# Ring Commands



## Adam Rawlings (Feb 27, 2009)

I have been looking for a full list of ring commands (in French), but I have only managed to find the basics, sit, down, ect. Does anyone have a list or can someone direct me to site that has them?

Cheers


----------



## Tamara McIntosh (Jul 14, 2009)

Adam Rawlings said:


> I have been looking for a full list of ring commands (in French), but I have only managed to find the basics, sit, down, ect. Does anyone have a list or can someone direct me to site that has them?
> 
> Cheers


I think Kadi has a list on her website?? Which ones are you looking for?

en avant= go out
saute=jump (we also use alle)
cherche aporte= fetch
cherche aboi=search and find (hold and bark command)
attaque (bite)
reste= stay
pas bouger- don't move
guarde=guard
l'object = object
au pied= heel
debout=stand
assis= sit
couche= down
viens= come

Tamara McIntosh


----------



## Adam Rawlings (Feb 27, 2009)

Tamara,

Thanks, thats exactly what I was after. I guess 4 years of high school french was all for not.LOL.


----------



## Kyle Sprag (Jan 10, 2008)

Here, even has Audio files.


http://www.uwsp.edu/psych/dog/languag1.htm


----------



## Justin Gannon (Nov 17, 2008)

Go to the ARF website. They have a complete list of french terms.


----------



## Geoff Empey (Jan 8, 2008)

Kyle Sprag said:


> Here, even has Audio files.
> 
> 
> http://www.uwsp.edu/psych/dog/languag1.htm


Nice one Kyle! Though some of the translations literally are wrong. 

i.e. "Donne" is the verb to give ... i.e. (an object) they have it as meaning let go. X Donne! Means give me the decoy literally if you are trying to out the dog LOL! 

At the last trial in Chicago there was a fellow with a smokin' young male Malinois and was using 'Donne' for his out command and it didn't fly with the French Judge. Needless the guy left with just a CSAU and didn't attempt his Brevet. Hopefully we will see him this weekend in Chicago with a good strong "X AULT!!!" :-\" 

I bet the handler saw the same website or the elite K9 one as they have the same basic translations and the same mistakes. Even the Dutch literal translations are messed up. A Dutch fellow on another board corrected the Dutch language miscues and the little mistakes are pretty funny. 
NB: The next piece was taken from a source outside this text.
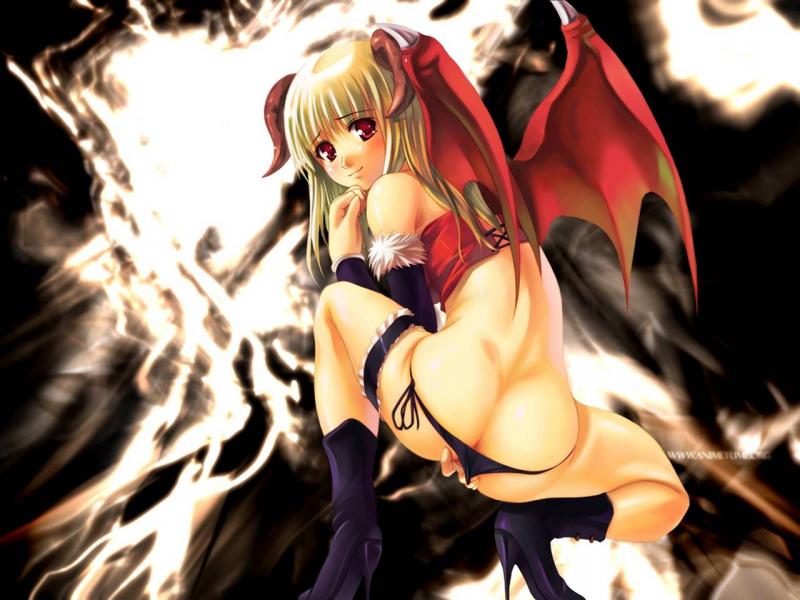 akamaru, succubus (ragnarok online), ragnarok online, 1girl, ass, bat wings, blonde hair, demon girl, female focus, panties, red eyes, solo, underwear, wings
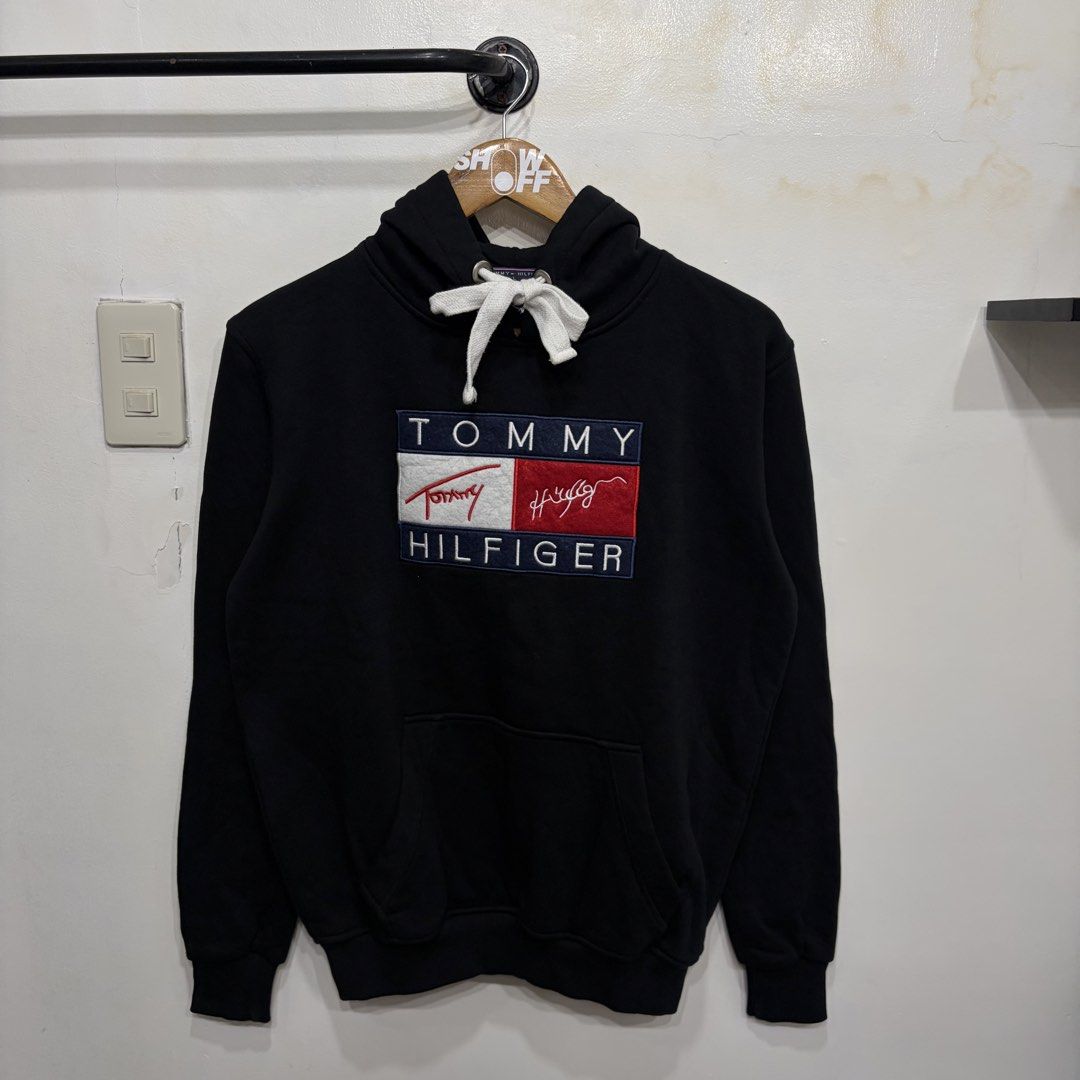 Tommy Hilfiger (Category: Hoodies) located in Santa Rosa. Submitted by gardenofthrifts (Listing ID 1469953950, Image 1). Description: Shirt ₱1280 Medium / Large Width: 19.5 Length: 26 10/10 Condition Comment “Mine” below to purchase..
> "Stann" has to be "Staan" or i use "kom recht" (get up)
> "Sprong" is "the jump","jump" is "spring"
> "Voruit" has to be "vooruit"
> "spoor" is "the track", "zoek" is "track"
> ...


----------



## Kyle Sprag (Jan 10, 2008)

Geoff Empey said:


> Nice one Kyle! Though some of the translations literally are wrong.
> 
> i.e. "Donne" is the verb to give ... i.e. (an object) they have it as meaning let go. X Donne! Means give me the decoy literally if you are trying to out the dog LOL!
> 
> ...


 
It says Alt/Donne = OUT/Let go

I read that as a direct translation, although I can see where the confusion you mention happened.

I use Alt for out off the decoy and Donne with give me the retrieve item.


----------



## Gerry Grimwood (Apr 2, 2007)

I will never understand why so many people train their dogs in a launguage that's not their own, yes to some it is but not the majority.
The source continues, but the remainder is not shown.